Lait : embaucher à proximité

Sylvie le Clec’h-Ropers, directrice du Sdaec et de Terralliance, et Jeltsje Algera, productrice de lait, élue Crab, CA 22, et membre du Comité de pilotage du Plan lait 2020 parlent du besoin de main-d’œuvre.

Pour vous, le principal défi de l’après-quotas est humain…

Jeunes Agriculteurs : Le plus dur à appréhender sera la relation employeur-employé : nous n’avons appris nulle part comment manager, comment donner correctement des consignes… C’est presque un nouveau métier. Les agriculteurs devront se former en relations humaines. Le groupement d’employeurs sera aussi un outil intéressant pour apprendre à travailler avec un salarié, un passage facilité avant peut-être l’emploi en direct.

Sylvie le Clec’h-Ropers : Oui, l’arrivée de la main-d’œuvre en lait doit s’accompagner d’une évolution structurelle du rôle de chef d’exploitation devenant chef d’entreprise : être moins dans l’opérationnel, plus dans le management. Cela peut procurer des craintes : « Si je lâche prise sur l’opérationnel, que je me situe plus loin du troupeau en déléguant la traite, comment garder le contrôle ? » Certains auront l’envie et la capacité de travailler avec des salariés. D’autres moins et devront se tourner davantage vers des moyens techniques (Dac, Dal, robots, roto…).

Qu’imaginez-vous demain, salarié spécialisé ou polyvalent ?

Jeunes Agriculteurs : Il y a débat. Certains éleveurs adorent la traite et préféreront déléguer les cultures en évitant les charges liées à des matériels utilisés sur de courtes périodes. Pour de véritables agents de traite, la formation à l’hygiène de traite et à la qualité du lait sera indispensable. S’il n’y a pas encore pénurie de salariés en lait, il faudra aussi accepter qu’un jeune qui sort de l’école ne soit pas 100 % opérationnel. Nous devrons être capables de transmettre, de faire de la post-formation.

Sylvie le Clec’h-Ropers : En fait, pour atteindre l’objectif du Plan, il y a besoin d’un ensemble de solutions, moyens techniques et humains. Par exemple, nous travaillons depuis un moment sur la notion d’opérateur de traite qui viendra en soutien d’éleveurs qui jugent la tâche routinière, récurrente, pénible. En déléguant la traite du soir par exemple, ils retrouveront de la continuité dans le travail quand ils partent au champ. Sinon, les traites à heure fixe créent des ruptures dans les journées en période de chantier.

Il y aura aussi d’autres modèles où on délègue le travail de la terre (Cuma, ETA, salarié cultures…) qui est à moins forte valeur ajoutée. L’éleveur conservera le poste lait, notamment la traite, une tâche sensible sur laquelle s’appuie le revenu de l’exploitation.

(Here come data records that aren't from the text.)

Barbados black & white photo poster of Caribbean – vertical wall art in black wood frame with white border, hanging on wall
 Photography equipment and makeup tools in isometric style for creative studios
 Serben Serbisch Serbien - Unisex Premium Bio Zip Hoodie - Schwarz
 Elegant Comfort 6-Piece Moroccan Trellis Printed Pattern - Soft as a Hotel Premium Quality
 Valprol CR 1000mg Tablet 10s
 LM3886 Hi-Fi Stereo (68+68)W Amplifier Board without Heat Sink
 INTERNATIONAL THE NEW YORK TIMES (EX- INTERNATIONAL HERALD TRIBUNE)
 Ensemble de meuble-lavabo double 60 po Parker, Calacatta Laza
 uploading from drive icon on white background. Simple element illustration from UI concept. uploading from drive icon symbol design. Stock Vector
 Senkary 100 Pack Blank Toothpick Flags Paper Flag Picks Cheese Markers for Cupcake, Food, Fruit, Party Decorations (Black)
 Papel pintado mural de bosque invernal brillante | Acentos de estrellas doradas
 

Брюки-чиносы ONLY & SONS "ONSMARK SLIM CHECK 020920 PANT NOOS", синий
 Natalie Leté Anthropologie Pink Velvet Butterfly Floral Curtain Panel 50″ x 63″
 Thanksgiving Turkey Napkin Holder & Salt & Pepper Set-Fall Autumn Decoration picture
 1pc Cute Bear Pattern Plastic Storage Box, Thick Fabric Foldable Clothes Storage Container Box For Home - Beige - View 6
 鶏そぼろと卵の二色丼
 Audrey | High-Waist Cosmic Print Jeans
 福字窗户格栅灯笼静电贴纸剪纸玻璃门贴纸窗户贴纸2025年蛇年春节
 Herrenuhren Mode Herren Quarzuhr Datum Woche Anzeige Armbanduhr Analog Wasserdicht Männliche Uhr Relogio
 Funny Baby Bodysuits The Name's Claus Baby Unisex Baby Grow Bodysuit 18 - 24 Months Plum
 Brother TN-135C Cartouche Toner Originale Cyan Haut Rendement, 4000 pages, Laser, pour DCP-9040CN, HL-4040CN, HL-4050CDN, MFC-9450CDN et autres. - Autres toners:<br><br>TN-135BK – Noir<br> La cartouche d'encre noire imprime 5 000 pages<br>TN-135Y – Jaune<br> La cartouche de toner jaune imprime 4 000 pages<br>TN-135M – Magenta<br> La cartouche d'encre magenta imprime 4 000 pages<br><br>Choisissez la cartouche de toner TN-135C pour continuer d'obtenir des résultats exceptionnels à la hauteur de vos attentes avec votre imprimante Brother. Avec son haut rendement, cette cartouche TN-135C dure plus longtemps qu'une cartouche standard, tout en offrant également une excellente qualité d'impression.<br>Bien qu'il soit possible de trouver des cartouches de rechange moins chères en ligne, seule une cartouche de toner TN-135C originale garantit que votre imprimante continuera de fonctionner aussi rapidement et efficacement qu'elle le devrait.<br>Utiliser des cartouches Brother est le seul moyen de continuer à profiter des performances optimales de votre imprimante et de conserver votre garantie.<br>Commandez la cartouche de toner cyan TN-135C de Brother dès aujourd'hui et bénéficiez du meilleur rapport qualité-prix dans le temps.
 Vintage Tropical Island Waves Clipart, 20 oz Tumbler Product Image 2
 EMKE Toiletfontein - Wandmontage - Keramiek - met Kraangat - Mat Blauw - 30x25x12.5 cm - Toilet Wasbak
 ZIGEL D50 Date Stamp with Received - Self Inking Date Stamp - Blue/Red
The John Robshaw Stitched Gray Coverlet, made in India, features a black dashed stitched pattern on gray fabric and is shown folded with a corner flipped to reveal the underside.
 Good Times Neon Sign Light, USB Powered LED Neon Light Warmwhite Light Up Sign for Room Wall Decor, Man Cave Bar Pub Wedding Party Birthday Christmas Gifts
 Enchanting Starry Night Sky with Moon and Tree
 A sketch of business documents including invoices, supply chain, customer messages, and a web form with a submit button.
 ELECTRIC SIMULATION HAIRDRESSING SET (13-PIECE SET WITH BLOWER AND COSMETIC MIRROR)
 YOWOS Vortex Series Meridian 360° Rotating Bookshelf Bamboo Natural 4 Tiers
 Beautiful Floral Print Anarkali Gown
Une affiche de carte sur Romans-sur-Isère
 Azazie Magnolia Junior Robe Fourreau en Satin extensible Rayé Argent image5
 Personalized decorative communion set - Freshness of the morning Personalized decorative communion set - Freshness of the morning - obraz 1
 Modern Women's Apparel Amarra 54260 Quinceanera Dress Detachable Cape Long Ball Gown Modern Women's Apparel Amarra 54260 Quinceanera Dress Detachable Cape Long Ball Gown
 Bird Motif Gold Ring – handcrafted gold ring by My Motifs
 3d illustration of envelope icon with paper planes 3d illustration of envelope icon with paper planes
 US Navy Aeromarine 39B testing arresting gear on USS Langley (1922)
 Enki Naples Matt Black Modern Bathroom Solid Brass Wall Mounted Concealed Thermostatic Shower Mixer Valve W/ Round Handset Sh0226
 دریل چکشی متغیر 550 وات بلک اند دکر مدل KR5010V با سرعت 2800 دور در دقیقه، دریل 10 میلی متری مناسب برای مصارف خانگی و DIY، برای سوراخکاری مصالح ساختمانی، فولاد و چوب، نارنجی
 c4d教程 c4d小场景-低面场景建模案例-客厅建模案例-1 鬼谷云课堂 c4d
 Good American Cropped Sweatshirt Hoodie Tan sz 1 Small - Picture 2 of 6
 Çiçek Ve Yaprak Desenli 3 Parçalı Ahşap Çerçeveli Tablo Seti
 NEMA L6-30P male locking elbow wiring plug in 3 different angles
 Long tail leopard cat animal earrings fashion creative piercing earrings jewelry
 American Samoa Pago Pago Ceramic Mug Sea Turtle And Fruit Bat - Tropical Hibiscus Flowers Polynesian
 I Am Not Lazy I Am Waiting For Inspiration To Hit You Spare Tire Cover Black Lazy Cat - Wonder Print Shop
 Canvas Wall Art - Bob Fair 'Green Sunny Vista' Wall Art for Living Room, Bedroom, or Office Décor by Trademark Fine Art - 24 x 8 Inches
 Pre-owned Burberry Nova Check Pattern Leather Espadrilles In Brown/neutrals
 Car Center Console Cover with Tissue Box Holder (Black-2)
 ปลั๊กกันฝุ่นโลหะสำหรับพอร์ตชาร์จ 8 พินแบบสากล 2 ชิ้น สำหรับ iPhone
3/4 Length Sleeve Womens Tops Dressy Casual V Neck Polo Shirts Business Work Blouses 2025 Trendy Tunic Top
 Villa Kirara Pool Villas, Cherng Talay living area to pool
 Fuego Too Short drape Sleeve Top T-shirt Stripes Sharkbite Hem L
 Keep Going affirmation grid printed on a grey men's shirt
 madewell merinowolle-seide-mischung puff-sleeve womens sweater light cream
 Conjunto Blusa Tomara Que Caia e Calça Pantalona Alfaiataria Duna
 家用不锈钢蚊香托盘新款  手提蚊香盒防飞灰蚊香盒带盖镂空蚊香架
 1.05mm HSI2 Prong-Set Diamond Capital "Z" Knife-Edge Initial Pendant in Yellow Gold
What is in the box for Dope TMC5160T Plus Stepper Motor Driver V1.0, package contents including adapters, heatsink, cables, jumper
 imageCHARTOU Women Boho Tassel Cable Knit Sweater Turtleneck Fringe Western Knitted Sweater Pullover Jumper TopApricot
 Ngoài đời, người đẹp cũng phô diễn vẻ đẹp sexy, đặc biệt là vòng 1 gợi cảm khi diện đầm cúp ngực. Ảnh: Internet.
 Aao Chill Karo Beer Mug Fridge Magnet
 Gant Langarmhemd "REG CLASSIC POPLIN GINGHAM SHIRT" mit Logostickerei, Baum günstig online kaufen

Mais où trouver toute cette ressource humaine ?

Jeunes Agriculteurs : La main-d’œuvre existe près de nos exploitations, à nous de savoir l’accueillir. Ce serait dommage d’en arriver comme aux Pays-Bas, mon pays d’origine, à un site internet pour le remplacement en deux langues (hollandais et polonais) alors qu’il y a tant de demandeurs d’emploi ici.

Sylvie le Clec’h-Ropers : Pour développer ces emplois, il faut capter la ressource locale. Cette proximité est un gage de réussite. L’opérateur de traite pourrait être un pluriactif à l’échelle d’un canton. En usine, dans les grandes surfaces, il y a des temps partiels subis avec parfois des horaires décalés complémentaires de la traite. Nous allons d’ailleurs bientôt démarrer un test à l’échelle d’un canton pour expérimenter.

Évidemment, il faudra former et formaliser : la qualité de délégation et les protocoles de consignes et de contrôle seront essentiels. Les exploitations qui doivent s’ouvrir aux personnes venant d’autres secteurs seront inviter à revisiter l’amplitude horaire des traites pour éviter de terminer après 19 heures.